There's a significant difference of attitudes towards specifications that I see in developer colleagues close to me. Groups with attitudes seems to be equally strong in numbers, so this is not isolated behaviour of one individual.

The first group seems to take specifications as something given from the outside. They seem to believe in this other person thinking through the things that need to be implemented, and take their own sense of responsibility only within the context of that spec. While testing and noticing that what was implemented just makes little sense, these people easily revert to defensive. They say that not being able to do things related to the purpose of the feature is a matter of opinion and that they cannot work on the fixes before someone specifies the wanted behaviours. Occasionally, they also get very strong voices in discussion of what is a bug vs. change, being right about the idea that most bugs would be things that they never considered in scope they accepted and thus changes. Getting hung up on the definition of defect vs. change does not help, it all is just work that may need get done and fighting over definitions is time away from implementing the necessary changes.

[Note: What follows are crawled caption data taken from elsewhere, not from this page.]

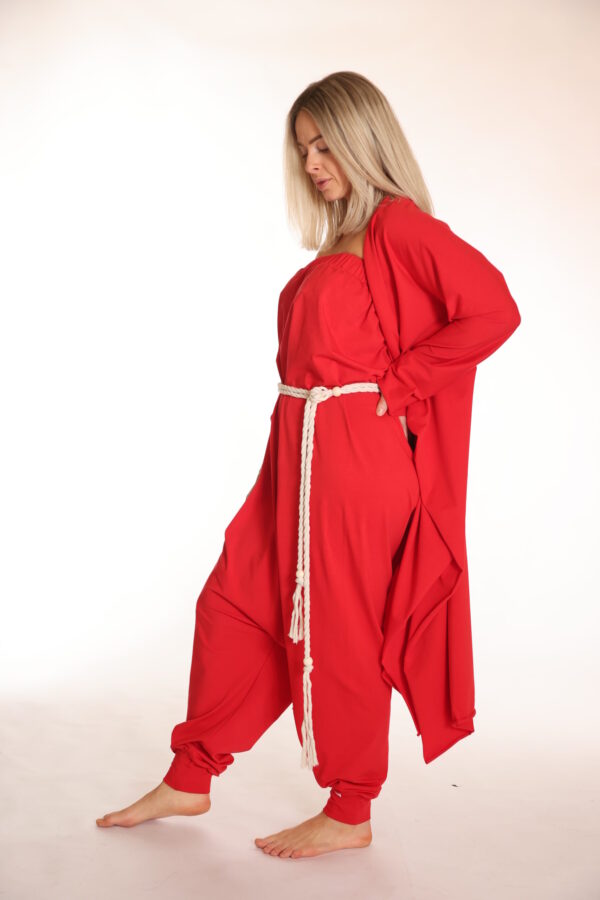 Touch – Luchtig organic vest voor vrouwen - Rood - Afbeelding 3
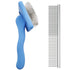 Slicker Brush for Dogs & Pet Comb Value Kit,50% Wider Large Dog Slicker Brush for Long Haired Dogs and Cats with Ergonomic Solid Wooden Handle,Lon...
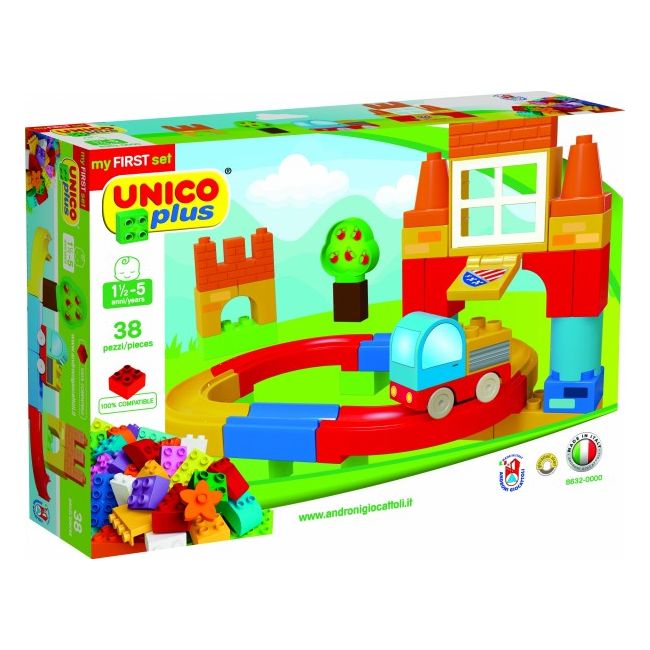 Pista de curse circulara Unico cu masina inclusa 38 piese - SOLUN8632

The second group seems to treat specifications given to them as useful fiction that starts conversations. These developers seem to be at ease with discussions that result in dropping features out of scope, finding the core of what needs to be done and implementing that first. They have no problems in making suggestions: it could be like this or like this, here are the pros and cons I see of these solutions. And their approach often seems to end up with a different solution than they suggested, building on the compromises and deeper understanding of what is being built.

Talking to people I place in the first group reveals a great deal of discomfort on how I would like to define the role of a developer in relation to their definitions. While I feel I thrive with the idea of making decisions of how things end up being (until changed as we learn), these people seem to be drawn way out of their comfort zones in making a decision and thinking through the consequences.

It seems I will end up having an equal amount of both in my teams, and I'm thinking about how to make the first group willing and able to join the ranks of the latter group. People in the first group are really dependent on someone testing a great deal for them, someone specifying for them whereas the latter group is more independent and self-contained. It has a direct impact on portions of other specialists we need to add to the teams. Both of these go with "developer" title but have significantly different results how ready things end up being after them.

Pairing people up is one approach, but it seems not to be enough. The rejection of responsibility towards specifying behaviours and externalising that seems to come from an early lesson learned, that seems very hard to unlearn.

I'm curious as to if people have found ways of growing themselves out of patterns like this, and what would be the key realisation for the change to happen. Some suggest that old dogs don't learn new tricks and we might just have to compensate for lack of tricks in one with another person in the team that will do the tricks missing from the palette.

I wonder when we will learn to build teams of growing individuals instead of thinking of filling role positions. Given a chance of choosing who to work with, I always take people from the second group. But I wonder if I would then be missing out on something with lack of this diversity.

1 comment:

  1. This distinction between the two types of developers has been in my mind too lately. I call the first group "coders" and the second "software engineers".

    The coders often try to write as much code as they can. They see the (amount of) code as their end result.

    Software engineers solve end user problems. They often try to minimise the amount of code (they need to write or that exists in a VCS for example).

    I do "coding" on my free time sometimes too: write code where the code is the main thing - what it does (or does not do) is secondary. It doesn't necessarily require much thinking and can be somewhat relaxing and fun. But it's not something people should get money for in my opinion. When I'm at work (the one I'm paid to do) I consider myself a software engineer.

    I think that in the future coders in developer positions will be replaced by robots (i.e. automation). Software engineers will play a big role in this transition.